Google has serious work to do in making the Google Compute Engine a top choice for enterprises. For one thing, Google has not (yet) opened a marketplace of services on par with AWS. Such a step could help Google in its efforts to drive more developers onto GCE.
What developers think
Google has a few opportunities to gain marketshare with GCE. One startup I spoke with has run workloads on Google App Engine (GAE) for a few years but still does data analysis and data mining on on-premise servers. Since GAE and GCE hook in well with each another, the startup is looking at moving the on-prem activities to GCE. Another area of opportunity is around using GCE for narrowly tailored high-performance workloads that scale out. Engineers at one major retailer in the United States said they were exploring public clouds for certain jobs, and Google Compute Engine is a possibility for exactly this sort of thing. Generally speaking, strong results could lead to larger deployments beyond tests and lower-priority applications.

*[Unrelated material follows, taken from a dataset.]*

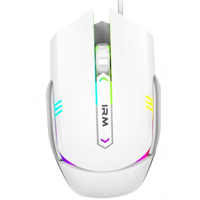 Irm - Mouse Raton Con Cable Gamer Blanco Luz Led Rgb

Developers praised Google for introducing granular pricing down to the minute instead of the hour after a 10-minute minimum and increasing the size of a persistent disk from 1 TB to 10 TB.
But just as AWS has had notable service issues, Google App Engine, the Platform-as-a-Service (PaaS) piece of the Google Cloud Platform, has had multiple service disruptions of its own, and that doesn’t help adoption.

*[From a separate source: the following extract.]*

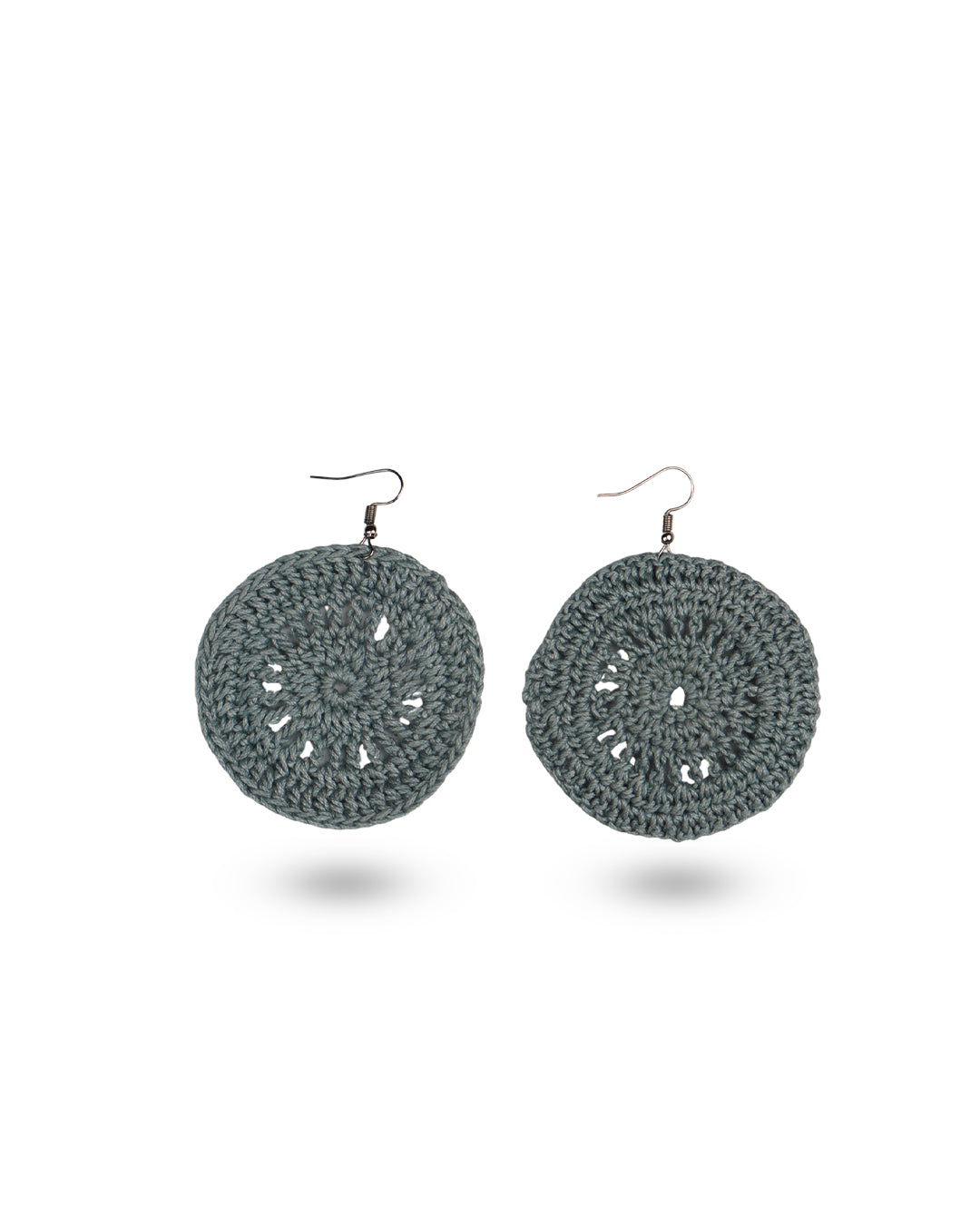 Slate Mandala Crochet Earrings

Plus, several developers noted that Amazon was the forerunner in the AWS market, which seems to be a major reason why Google faces a steep road. One developer said his hosted VoIP company just moved from on-premise servers to AWS. Translation: Too little, too late, Google.
The lock-in question
However long it takes for Google Compute Engine to get on the board in the IaaS conversation, the ease of migration from AWS and other IaaS providers to Google will eventually become a hot topic. What sort of lock-in issues could arise? That’s been a good question since cloud computing took off a few years ago and as options have proliferated. Amazon in particular has faced criticism on the lock-in point.
Performance is a whole other matter. Will GCE be a kind of exotic car of public clouds? Different customers will have different answers to that question, as not all workloads were created equal. Benchmarks attempt to give some insight into this, but they have drawbacks.

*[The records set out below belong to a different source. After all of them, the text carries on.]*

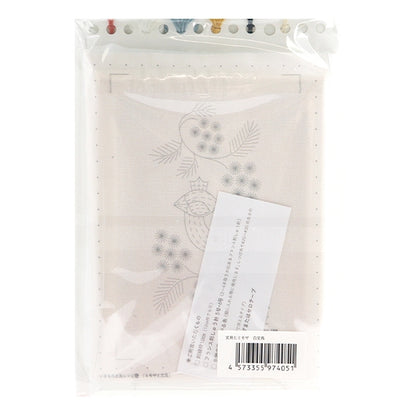 자수키트 "Ikimono실레시피 버드와 미모사 프레임 흰색 번 버드 "조각 평화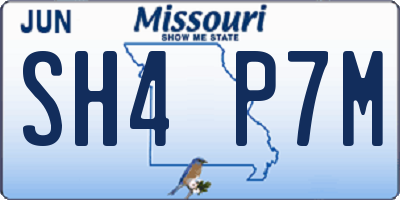MO license plate SH4P7M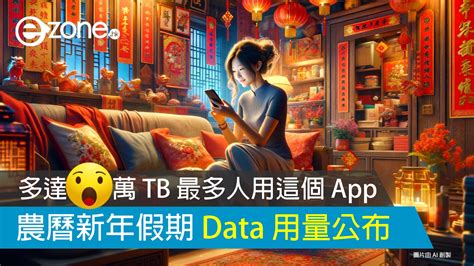 農曆新年假期 Data 用量公布！多達數百萬 Tb‧ 最多人用這個 App！ Ezone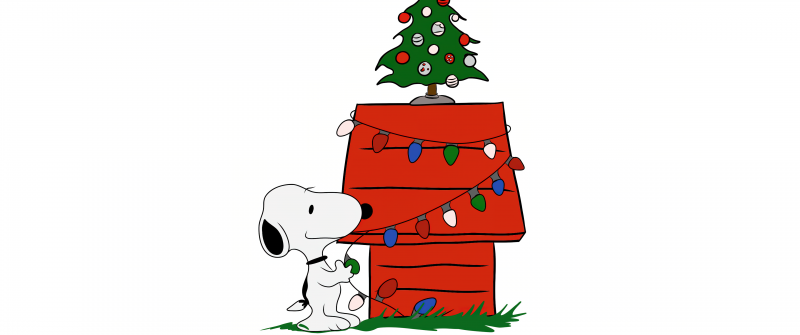 Snoopy, Christmas decoration, Xmas tree, 5K, Peanuts, Cartoon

As developers try spinning up instances on GCE and do comparisons for themselves, the subject of price will come up. Google foresees more price cuts to its cloud services, as it’s in the company’s best interests to make its infrastructure as efficient as possible. That could entice more enterprises to join in. At the same time, AWS is likely to keep growing, slashing its prices and speedily bolting down enterprise customers. (To get a peek at what Amazon has in mind, check out GigaOM’s Structure conference in San Francisco on June 19, when Werner Vogels, Amazon’s chief technology officer, will take the stage.)
However the game plans play out, Google is optimistic at the moment. “It’s obviously a hugely important use case for us, a hugely important customer set,” DeMichillie said of enterprise users. “It’s early days, but we think over the next 12 months, we expect to see a pretty big upswing in that.”